# Exercise prompt:
Transcribe nothing but the lines from the one with "Câmera registra empresário" to the end of the entries, both included, keeping each exact and leaving every picture out.

(Exercise materials begins)

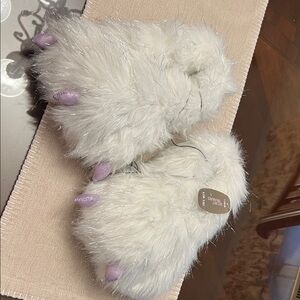 Secret Treasures Fuzzy White and Purple Slippers
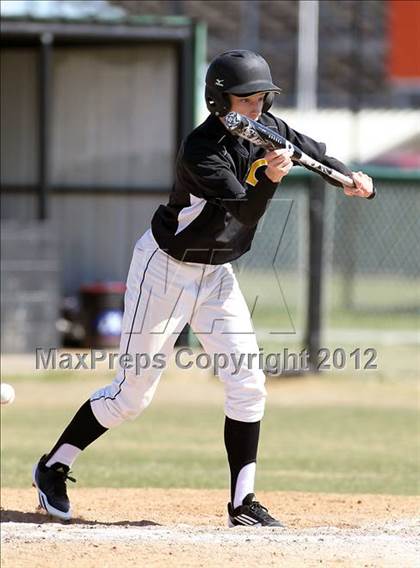 Thumbnail 1 in Crandall vs Rio Vista (Ferris Tournament) photogallery.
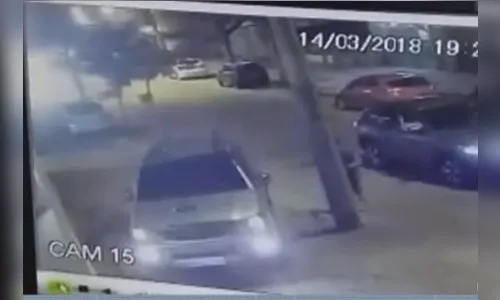 Câmera registra empresário sendo assassinado na frente do filho de cinco anos; veja o vídeo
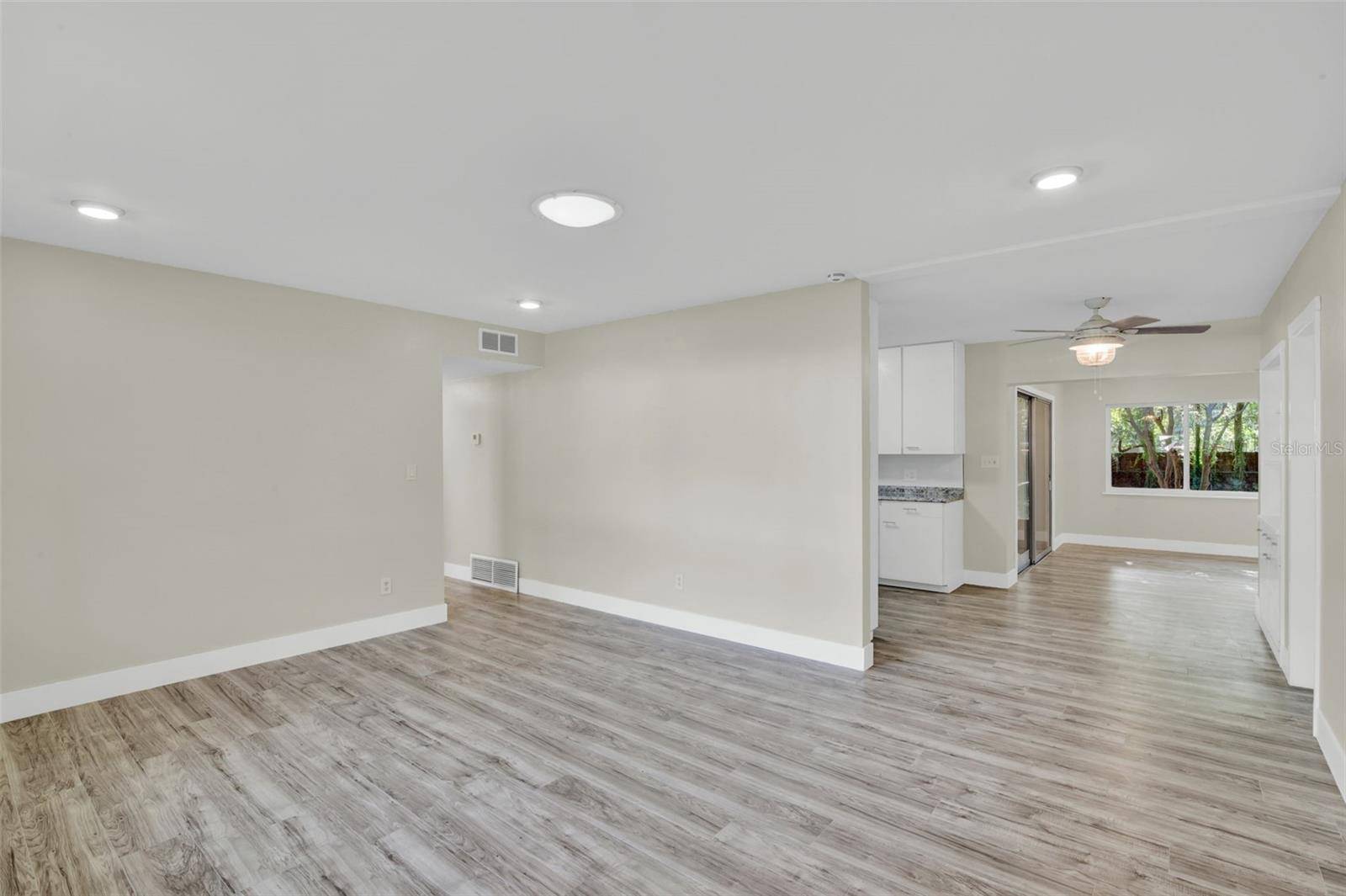 Ocala, FL 34471,2621 SE 7TH CT
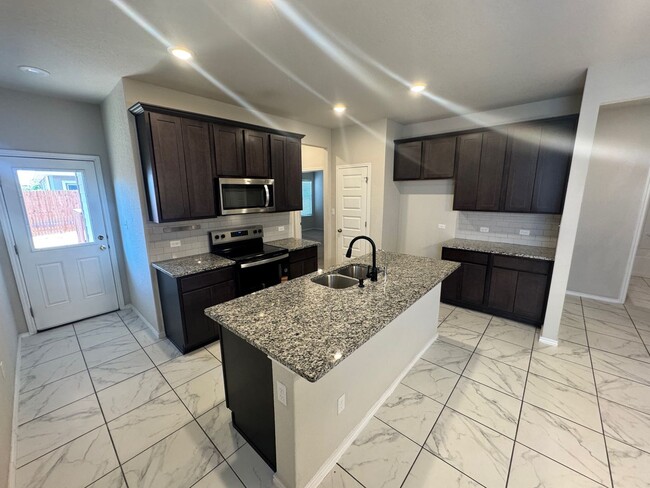 Building Photo - Move-In Ready Modern 4-Bedroom 2 Bath Home in South SA Near Palo Alto College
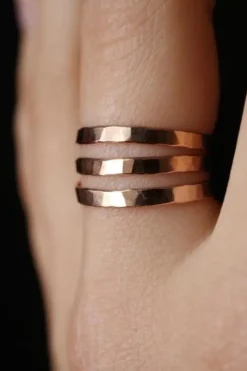 EXTRA THICK HAMMERED RING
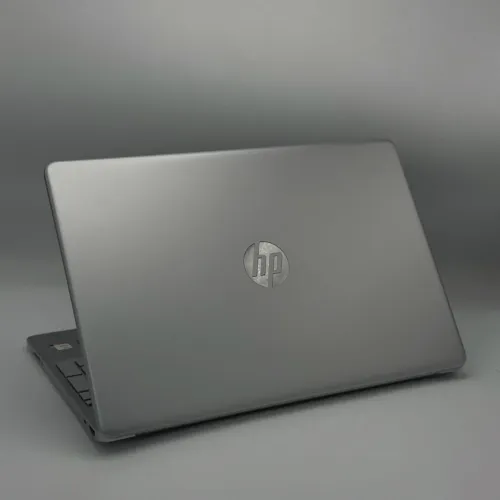 HP Laptop 15 / i5-1155G7 / 8 Go DDR4 / 512 Go SSD / 15.6 FHD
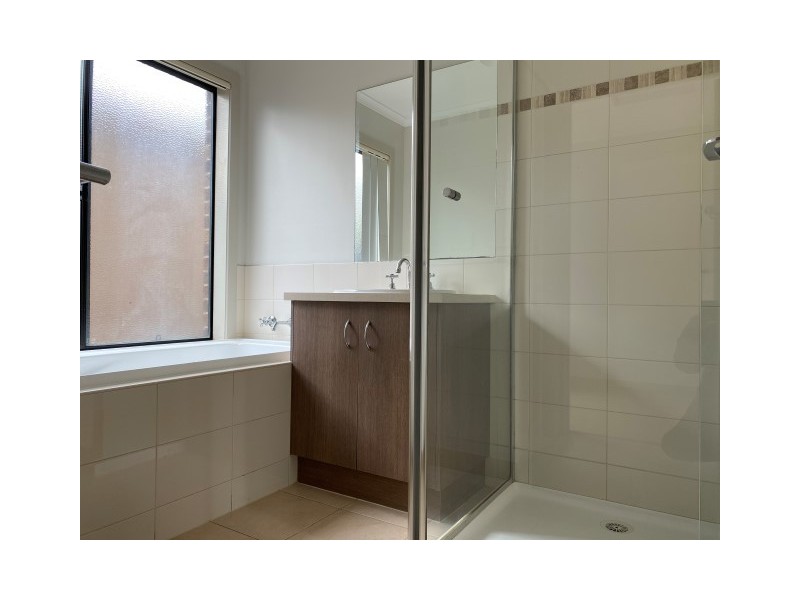 4 Flower Gum Crescent, Tarneit VIC 3029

(Exercise materials ends)

# Answer to the problem:
 Câmera registra empresário sendo assassinado na frente do filho de cinco anos; veja o vídeo
 Ocala, FL 34471,2621 SE 7TH CT
 Building Photo - Move-In Ready Modern 4-Bedroom 2 Bath Home in South SA Near Palo Alto College
 EXTRA THICK HAMMERED RING
 HP Laptop 15 / i5-1155G7 / 8 Go DDR4 / 512 Go SSD / 15.6 FHD
 4 Flower Gum Crescent, Tarneit VIC 3029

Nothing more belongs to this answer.